* [Task to complete]: Please give the whole listing again exactly, without any of its pictures.

* [Source material]:
^^^^

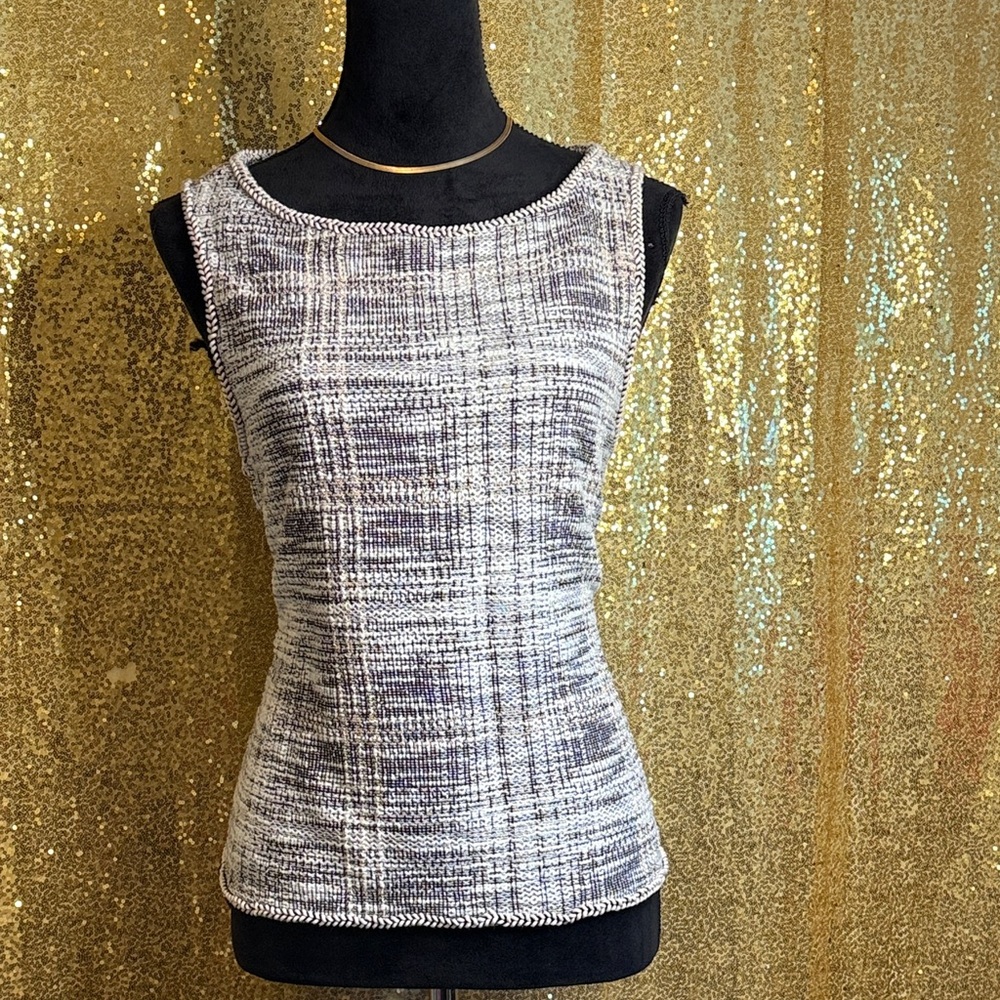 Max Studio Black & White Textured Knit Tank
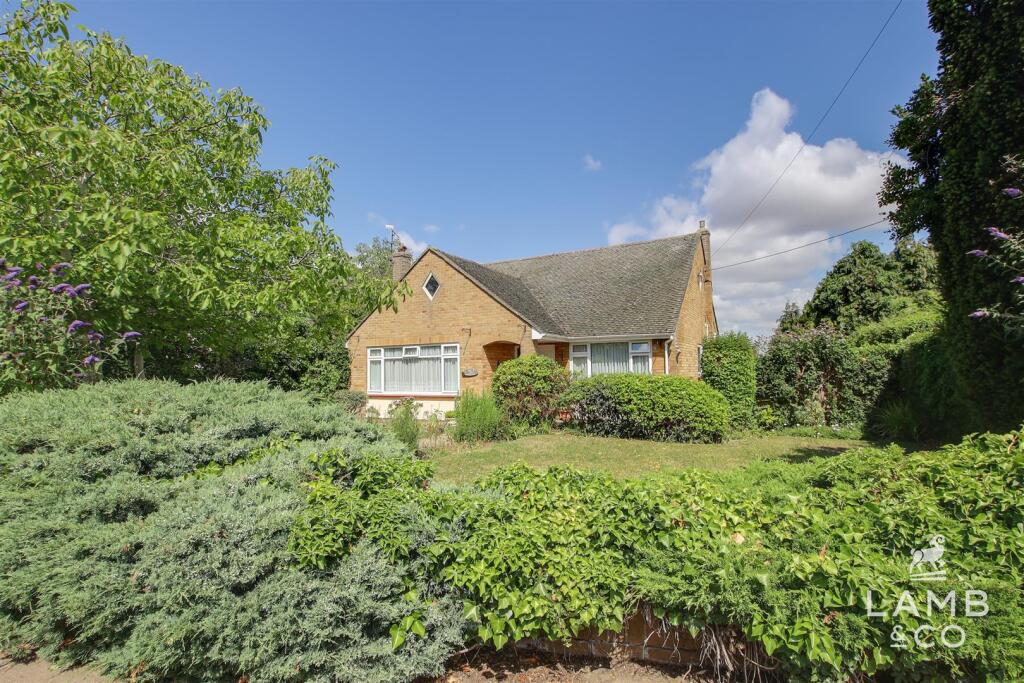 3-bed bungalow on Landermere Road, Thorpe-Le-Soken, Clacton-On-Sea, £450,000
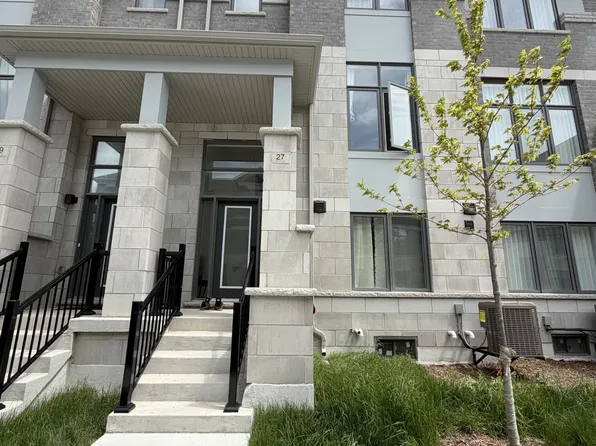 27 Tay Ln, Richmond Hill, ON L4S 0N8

^^^^

* [Exercise answer]:
 Max Studio Black & White Textured Knit Tank
 3-bed bungalow on Landermere Road, Thorpe-Le-Soken, Clacton-On-Sea, £450,000
 27 Tay Ln, Richmond Hill, ON L4S 0N8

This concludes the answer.